子供が興味をもちやすいような書体や色を使ったものや、歌を歌いながら読めるものなど、それぞれ特色があります。
子供が何に興味をもつのかは分かりませんので、そうした絵本もうまく取り入れながら絵本学習を進めてみてもよいでしょう。
「こどもちゃれんじ」などの幼児向け教材の中でも、子供が楽しくひらがなを覚えられるための絵本があります。
お風呂の中でひらがなを覚える
子供は大人のようにただゆっくりと湯船につかることが苦手です。
そんなとき、ひらがなの勉強をお風呂の中でしてみることも一つの方法です。
おもちゃ屋や100円均一などで売られているお風呂用のひらがなポスターを貼り、ひらがなの勉強をしてみてもよいでしょう。
ポスターを指さし、「これ、なんて読む?」と質問してみましょう。
一説によれば、「祖父と一緒によくお風呂に入る子供は賢くなる」そうです。
大好きなおじいちゃんと一緒に過ごすことができ、昔話や人生で大事なことを教えてもらえるので、子供にとってはよい学びの場所になるのでしょう。
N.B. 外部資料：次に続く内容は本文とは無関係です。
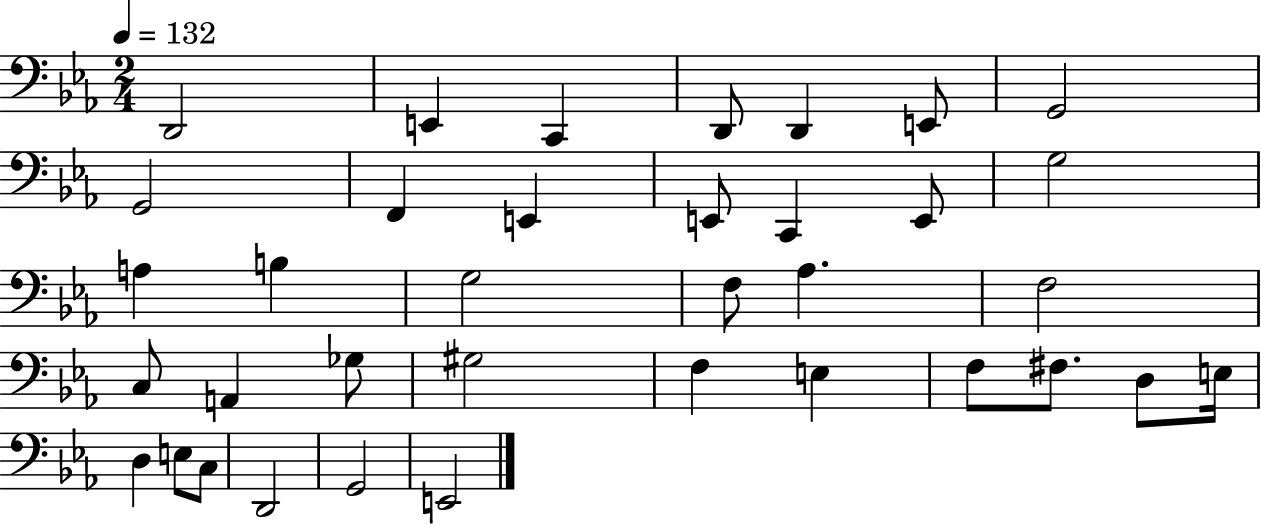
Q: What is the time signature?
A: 2/4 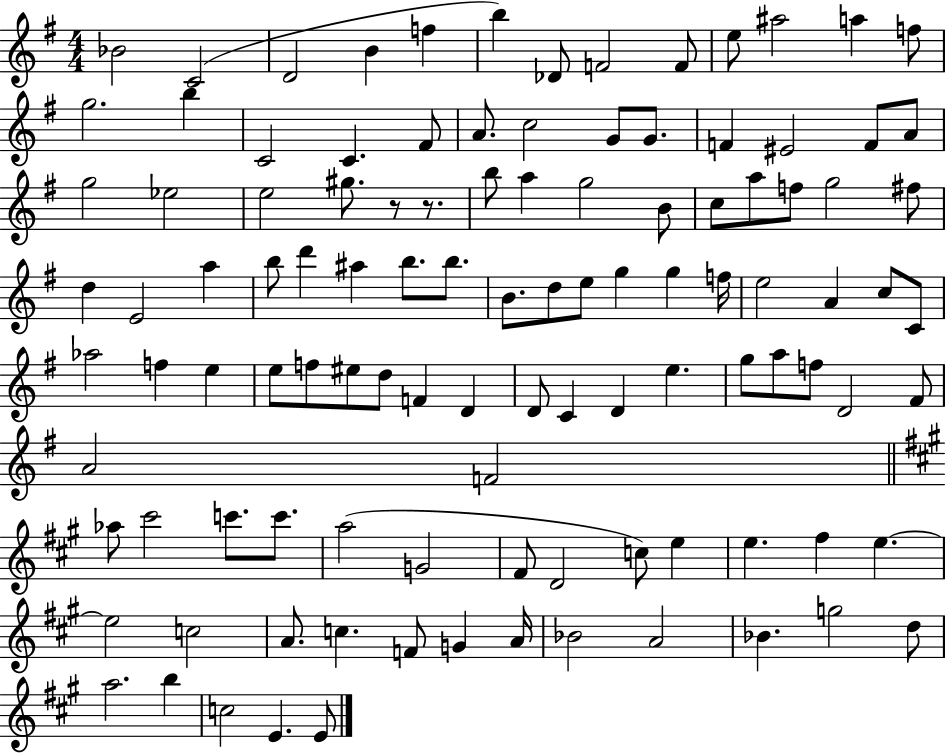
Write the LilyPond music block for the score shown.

{
  \clef treble
  \numericTimeSignature
  \time 4/4
  \key g \major
  bes'2 c'2( | d'2 b'4 f''4 | b''4) des'8 f'2 f'8 | e''8 ais''2 a''4 f''8 | \break g''2. b''4 | c'2 c'4. fis'8 | a'8. c''2 g'8 g'8. | f'4 eis'2 f'8 a'8 | \break g''2 ees''2 | e''2 gis''8. r8 r8. | b''8 a''4 g''2 b'8 | c''8 a''8 f''8 g''2 fis''8 | \break d''4 e'2 a''4 | b''8 d'''4 ais''4 b''8. b''8. | b'8. d''8 e''8 g''4 g''4 f''16 | e''2 a'4 c''8 c'8 | \break aes''2 f''4 e''4 | e''8 f''8 eis''8 d''8 f'4 d'4 | d'8 c'4 d'4 e''4. | g''8 a''8 f''8 d'2 fis'8 | \break a'2 f'2 | \bar "||" \break \key a \major aes''8 cis'''2 c'''8. c'''8. | a''2( g'2 | fis'8 d'2 c''8) e''4 | e''4. fis''4 e''4.~~ | \break e''2 c''2 | a'8. c''4. f'8 g'4 a'16 | bes'2 a'2 | bes'4. g''2 d''8 | \break a''2. b''4 | c''2 e'4. e'8 | \bar "|."
}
ご家庭の事情によって祖父と一緒に入ることは難しくても、親と一緒に楽しくお風呂に入ってひらがなを学ぶことはよい方法です。
手作りのかるた風ひらがな遊び
かるた風のひらがな遊びはいかがでしょうか。
親が用意するのは、白紙をかるたサイズにカットし、一枚につき一文字ずつひらがなを書いたものです。
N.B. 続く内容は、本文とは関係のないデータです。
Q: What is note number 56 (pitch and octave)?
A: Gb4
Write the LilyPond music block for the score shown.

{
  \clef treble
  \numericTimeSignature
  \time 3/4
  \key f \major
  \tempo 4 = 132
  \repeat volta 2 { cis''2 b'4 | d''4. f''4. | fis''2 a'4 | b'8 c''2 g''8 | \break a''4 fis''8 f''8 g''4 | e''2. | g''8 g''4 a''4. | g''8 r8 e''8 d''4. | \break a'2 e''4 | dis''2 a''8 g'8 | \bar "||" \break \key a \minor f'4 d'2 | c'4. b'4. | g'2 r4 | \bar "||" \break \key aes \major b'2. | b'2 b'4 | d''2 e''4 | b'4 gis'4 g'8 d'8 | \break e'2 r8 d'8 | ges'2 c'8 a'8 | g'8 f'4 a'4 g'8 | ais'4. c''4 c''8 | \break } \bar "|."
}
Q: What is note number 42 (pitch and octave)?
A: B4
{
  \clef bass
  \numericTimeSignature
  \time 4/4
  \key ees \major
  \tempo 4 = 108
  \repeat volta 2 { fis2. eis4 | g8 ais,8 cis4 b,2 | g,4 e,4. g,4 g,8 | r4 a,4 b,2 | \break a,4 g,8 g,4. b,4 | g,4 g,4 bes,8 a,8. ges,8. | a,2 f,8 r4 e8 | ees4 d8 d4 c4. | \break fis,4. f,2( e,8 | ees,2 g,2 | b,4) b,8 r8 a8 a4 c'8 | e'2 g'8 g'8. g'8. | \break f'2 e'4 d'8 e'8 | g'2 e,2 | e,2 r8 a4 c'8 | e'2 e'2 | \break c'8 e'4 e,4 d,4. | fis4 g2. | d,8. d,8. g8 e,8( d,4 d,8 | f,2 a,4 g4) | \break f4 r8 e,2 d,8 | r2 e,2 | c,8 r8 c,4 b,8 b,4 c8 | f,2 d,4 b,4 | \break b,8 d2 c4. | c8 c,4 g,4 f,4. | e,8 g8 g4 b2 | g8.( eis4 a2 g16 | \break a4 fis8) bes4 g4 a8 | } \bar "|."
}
「あ、はどれ?ママと競争だ!」などと言いながら、楽しく探していきましょう。
市販のカルタもひらがなを覚えるツールとしてよいものですが、子供によってはひらがなの文字ではなく、かるたの絵で覚えてしまうことがあります。
そうすると、根本的にひらがなを覚えたことにはならないため、ひらがなをある程度覚えてきた段階で使った方がよいでしょう。
お出かけのときも意識して教えてあげる
子供と一緒に外出するとき、看板や飲食店のメニュー表などで文字を目にする機会があるでしょう。
外出したときもひらがなを覚えるチャンスです。
「これ、なんて読む?」と聞いてあげましょう。
すぐに答えられなくても、ヒントをだしてあげるなどして親が正解をはやめに言わないことが大切です。
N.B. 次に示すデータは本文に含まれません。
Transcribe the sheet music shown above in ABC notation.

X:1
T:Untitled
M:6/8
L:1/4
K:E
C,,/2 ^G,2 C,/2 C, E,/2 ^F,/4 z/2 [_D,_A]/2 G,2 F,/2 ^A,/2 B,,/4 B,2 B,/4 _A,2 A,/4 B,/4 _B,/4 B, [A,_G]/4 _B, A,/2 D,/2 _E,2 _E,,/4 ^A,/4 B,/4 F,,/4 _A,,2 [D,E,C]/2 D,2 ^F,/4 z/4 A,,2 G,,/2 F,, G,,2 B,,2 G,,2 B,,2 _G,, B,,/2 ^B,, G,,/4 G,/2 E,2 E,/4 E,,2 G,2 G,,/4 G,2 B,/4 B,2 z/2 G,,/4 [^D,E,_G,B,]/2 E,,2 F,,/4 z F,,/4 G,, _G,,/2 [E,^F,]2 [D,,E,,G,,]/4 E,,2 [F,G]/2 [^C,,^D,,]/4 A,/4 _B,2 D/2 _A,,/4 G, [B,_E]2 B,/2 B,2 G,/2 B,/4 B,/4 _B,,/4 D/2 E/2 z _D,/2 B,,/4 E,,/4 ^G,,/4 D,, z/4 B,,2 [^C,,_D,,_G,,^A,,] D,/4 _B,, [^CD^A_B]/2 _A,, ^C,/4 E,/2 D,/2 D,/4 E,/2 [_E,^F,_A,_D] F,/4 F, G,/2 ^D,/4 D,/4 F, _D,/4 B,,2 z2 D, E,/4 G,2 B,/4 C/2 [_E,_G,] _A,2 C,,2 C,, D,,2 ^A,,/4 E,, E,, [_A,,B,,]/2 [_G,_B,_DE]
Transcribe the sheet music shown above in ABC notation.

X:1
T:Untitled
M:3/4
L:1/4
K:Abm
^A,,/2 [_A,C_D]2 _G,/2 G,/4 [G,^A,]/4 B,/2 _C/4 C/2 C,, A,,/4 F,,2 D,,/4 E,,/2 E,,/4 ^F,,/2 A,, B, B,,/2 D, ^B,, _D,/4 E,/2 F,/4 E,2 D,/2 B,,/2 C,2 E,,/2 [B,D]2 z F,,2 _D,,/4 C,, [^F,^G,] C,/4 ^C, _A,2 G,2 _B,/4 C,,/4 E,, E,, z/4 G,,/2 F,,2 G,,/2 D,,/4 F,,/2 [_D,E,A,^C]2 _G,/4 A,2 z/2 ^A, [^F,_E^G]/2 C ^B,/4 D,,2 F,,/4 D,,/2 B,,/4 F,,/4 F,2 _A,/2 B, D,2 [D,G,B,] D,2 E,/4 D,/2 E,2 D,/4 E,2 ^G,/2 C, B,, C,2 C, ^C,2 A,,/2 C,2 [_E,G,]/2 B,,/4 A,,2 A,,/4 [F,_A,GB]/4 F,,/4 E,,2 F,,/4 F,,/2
答えられたときには「すごい!」と褒めてあげると、親からの質問に楽しく答えてくれるようになり、ひらがなもたくさん覚えようと積極的になってくれます。
ひらがなの覚え方にはコツがある
ひらがなの覚え方のコツを子供自身が意識できるわけではありませんので、親が教えるときの注意点を押さえておくことが大切です。
ここでは、ひらがな学習のポイントを見ていきましょう。
ひらがなは「読み」から覚える
ひらがなを覚えるとひとことで言っても、読むこと、書くことがあります。
ここでは「読み」から覚えさせることが重要です。
子供はひらがなを絵と同じように認識していますので、いきなり書くことを覚えさせようとしても、お絵かきをしていることと変わりません。
一生懸命書いているように見えても、実は覚えているわけではなかったなんてことになりかねません。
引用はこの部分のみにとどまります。